Rogue is the 2nd class that has spiked in popularity this week, with two archetypes leading the charge: Deathrattle Rogue and Tempo Rogue. While both decks have risen in play across all ladder, Deathrattle Rogue has become particularly popular at lower rank brackets, while Tempo Rogue’s rise is most noticeable at legend.
The expected change in the Priest class is occurring, but it’s happening very slowly. Resurrect Priest is in decline, while Combo Priest is mostly seeing an uptick in play at legend.
Quest Druid is slightly trending down, with an observed shift from the Malygos variant to the Nomi variant. However, this shift is slow and the Nomi build has yet to even make up the majority of Quest Druids on ladder.
Cyclone Mage is fleeing the scene in embarrassment after being exposed as a Tier 6 deck (or is it Tier 7-8?). The deck has collapsed in play, especially at higher levels. Meanwhile, interest in Highlander Mage has grown, and we’re seeing an alternative variant rise to challenge N’Zoth’s supremacy within the archetype. This is thanks to the success of J4ckie’s #1 legend Big-Spell burn build.
Paladin has mostly stayed put, but its decline at legend is significant. Highlander Paladin hasn’t been able to solve the Shaman problem, while Holy-Wrath Paladin hasn’t been able to solve the “everything else” problem.
All Hunter archetypes have nearly disappeared, with the exception of Secret-Highlander Hunter, a deck that’s also not attracting too much interest despite looking strong. This had led to the class’ decline, and it is even less popular than Warrior at legend.
Control Warrior is now mostly made up of N’Zoth builds, despite what we’ve said about their performance on ladder last week. The archetype is experiencing regression in refinement, likely driven by tournament influence. Aggro Warrior has been sleepy since the beginning of the event, displaying modest representation and barely any development.
Warlock is dead. It’s the worst class we’ve seen in a long time, rivaling Shaman during Rastakhan. Warlock’s play rate at legend is 1.5%. We’re not sure how many of these players actually want to play Warlock, or have a quest to get out of the way. If it’s “win 3 games with Warlock”, it might take a while!
vS Meta Score
vS Power Rankings Discussion
Last week, we were optimistic that the meta would probably not get worse than what it already was. There were signs of some self-correction forces that would keep Shaman in check. After seeing this week’s results, our optimism is challenged.
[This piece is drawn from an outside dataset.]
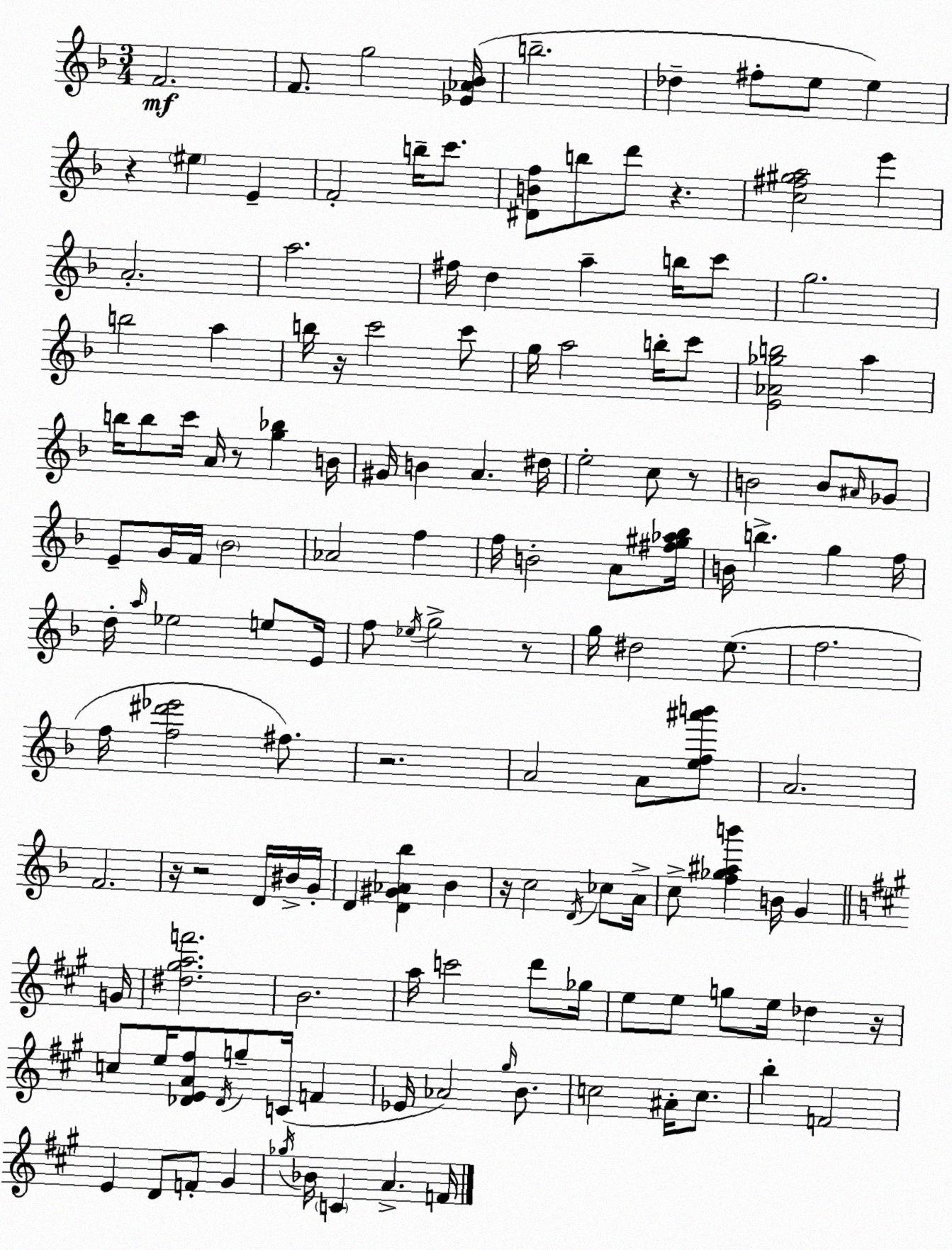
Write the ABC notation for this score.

The key is understanding what’s occurring with Combo Priest and Tempo Rogue. Tempo Rogue is seeing a significant increase in its win rate which correlates with several developments in its post-patch refinement. This makes Tempo Rogue a leading candidate to become this week’s “meta breaker”. Its influence on the meta is already beginning to show, and it is clearly very promising, with a win rate that’s trending upwards.
But so far, Tempo Rogue is not displaying an ability to consistently beat either of the two dominant Shaman archetypes. What Tempo Rogue does do is beat Combo Priest, and it does so very effectively. Tempo Rogue’s rise is suppressing Combo Priest’s performance against the field, especially at legend, where the two decks are most prevalent. With Combo Priest slowed down, Quest Shaman has free rein while Aggro Shaman benefits from Rogue’s rise as well, leading to the Shaman class possibly dominating the field even harder at higher levels.
Therefore, the direction in which the meta is headed to is dependent on how Tempo Rogue improves its performance against Shaman. If it can gain an edge against Quest Shaman, while breaking even against Aggro Shaman, it will establish itself as the real deal. Our featured build attempts to do just that.
Highlander Hunter is very strong at lower brackets but starts to fall off from Tier 1 at rank 4. The rise of Tempo Rogue is not helping its cause, and much like most of the meta, it’s incapable of beating Shaman consistently.
Highlander Paladin is experiencing similar issues. It cannot gain an edge against Shaman, while Tempo Rogue is one of its worst matchups, leading to its noticeable decline in win rate.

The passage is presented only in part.